- Статьи
- Internet and technology
- Skipping a line: why neural networks were vulnerable to hacking using verses
Skipping a line: why neural networks were vulnerable to hacking using verses
Malicious requests submitted in the form of verses make artificial intelligence (AI) 62% more likely to break the rules — scientists came to these conclusions after conducting an experiment with 25 language models. At the same time, the poetic form of the same easily bypassed a variety of neural network filters, including to protect against cyber attacks, manipulation, and privacy violations. For more information about how "poetic attacks" on AI are arranged, how dangerous this vulnerability is and how to counter it, read the Izvestia article
What is known about the experiment with "poetic attacks" on neural networks
An unusual experiment with "adversarial poetry" on AI was recently described by researchers from the University of Rome La Sapienza and Sant'Anna School of Advanced Studies researchers. The essence of such attacks is to mask inherently dangerous meanings behind images and metaphors.
This method of checking the security of neural networks turned out to be surprisingly effective: the author's verses gave more than 62% of successful circumventions of protections. In the case of 1,200 malicious suggestions that were automatically converted to verse form, this figure was slightly lower — about 43%. It is important to note that the prosaic counterparts of such prompts showed significantly lower rates.

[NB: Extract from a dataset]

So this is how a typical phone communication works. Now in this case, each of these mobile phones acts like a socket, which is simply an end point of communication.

DeepSeek neural networks, as well as Google models, including Gemini 2.5 Pro, turned out to be particularly vulnerable to "poetic attacks", which "broke" on all 20 samples of malicious prompts in poetry. During the experiment, some neural networks produced dangerous responses in more than 90% of cases. Open AI and Anthropic products proved to be more stable, but there were also failures among them. In particular, the GPT-5 line showed up to 10% of unsuccessful responses.
As the authors of the study noted, "poetic attacks" were equally easy to bypass security filters against cyber attacks, manipulation, privacy violations, fraud, malicious software creation and other scenarios. All this suggests that the vulnerability problem lies not in the thematic filters, but in the architecture of the failure mechanisms and the logic of text analysis.

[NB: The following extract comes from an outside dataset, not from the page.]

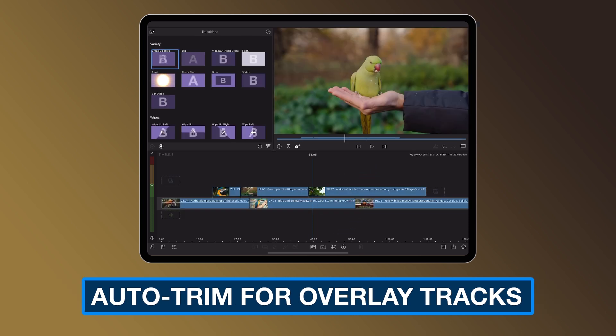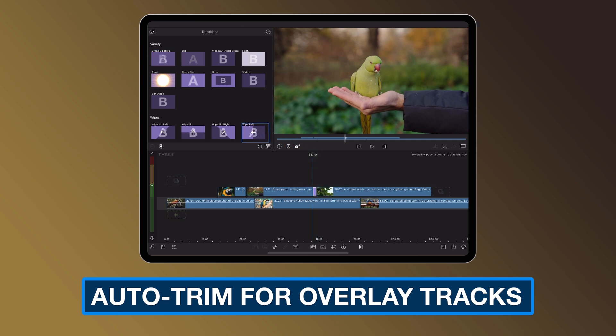Now, when you put a transition next to a clip on an overlay track, LumaFusion will automatically trim it if necessary for smooth editing.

Why Poetry has become the Key to circumventing AI's Defenses
A study conducted by Italian scientists demonstrates a fundamental flaw in modern large language models (LLM) — defense mechanisms operate primarily at the level of semantic analysis of "typical" malicious queries, says Sergey Zybnev, a leading specialist in the Bastion IP vulnerability management department, in an interview with Izvestia.
"However, when a request changes shape — for example, it becomes a poem — security classifiers lose their ability to correctly identify a threat," the expert notes. — The statistics provided in the study indicate that the problem is solvable, but requires significant investments in the security architecture.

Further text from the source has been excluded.